__Work instructions__.
The listing is to be duplicated in full, exactly as written.
══ Dataset content
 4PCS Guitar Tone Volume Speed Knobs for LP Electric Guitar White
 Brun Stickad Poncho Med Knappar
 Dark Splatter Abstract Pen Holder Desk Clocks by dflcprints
════
__Exercise answer__.
 4PCS Guitar Tone Volume Speed Knobs for LP Electric Guitar White
 Brun Stickad Poncho Med Knappar
 Dark Splatter Abstract Pen Holder Desk Clocks by dflcprints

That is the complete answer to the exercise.